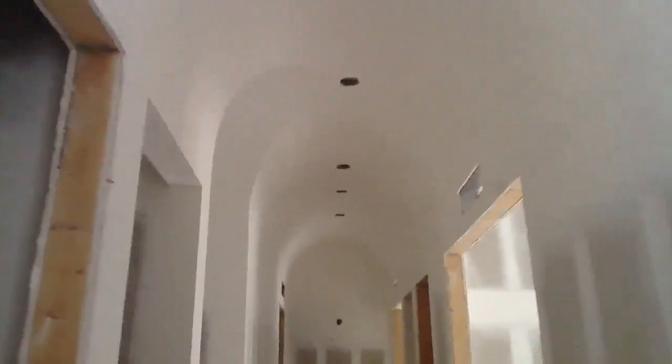This is another great application for vaults. In this case, we decided to intersect three arches instead of four. Notice how we lined up the lighting with the top of the arch to create a really nice effect when we're done.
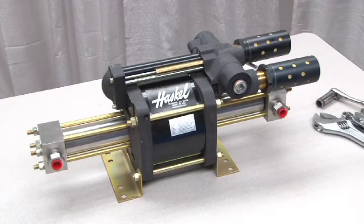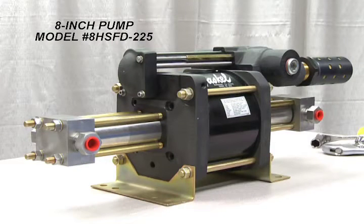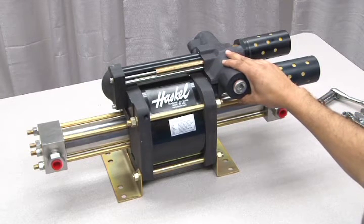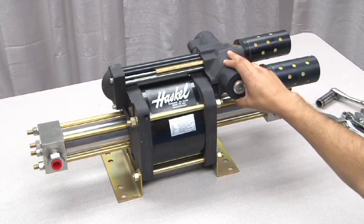This is a Haskell 8-inch air drive hydraulic pump, model number 8HSFD-225. Like other models, it has an external cycling valve section here. This is identical to model GSF-60 covered in the previous video.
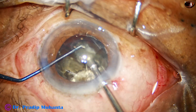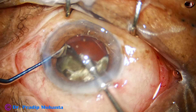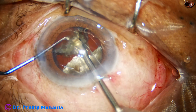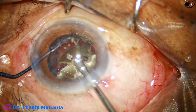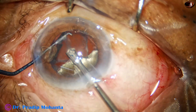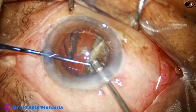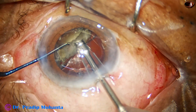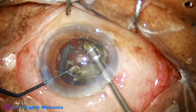The chopper is just a modified Sinskey hook — it is known as Mohanta's chopper. It's just a modified Sinskey hook, a small thing; it is just helping the phaco needle to do what it wants to do. So one hemi-nucleus has been managed. This is the epinuclear shell — let it be there and protect the posterior capsule. Now I come to the other hemi-nucleus, go through it, and divide it like this.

◆ ASSIGNMENT:
Exactly as written, return every line of the listing, but not the pictures.

◆ ANSWER TO THE PROBLEM:
This is another great application for vaults. In this case, we decided to intersect three arches instead of four. Notice how we lined up the lighting with the top of the arch to create a really nice effect when we're done.
This is a Haskell 8-inch air drive hydraulic pump, model number 8HSFD-225. Like other models, it has an external cycling valve section here. This is identical to model GSF-60 covered in the previous video.
The chopper is just a modified Sinskey hook — it is known as Mohanta's chopper. It's just a modified Sinskey hook, a small thing; it is just helping the phaco needle to do what it wants to do. So one hemi-nucleus has been managed. This is the epinuclear shell — let it be there and protect the posterior capsule. Now I come to the other hemi-nucleus, go through it, and divide it like this.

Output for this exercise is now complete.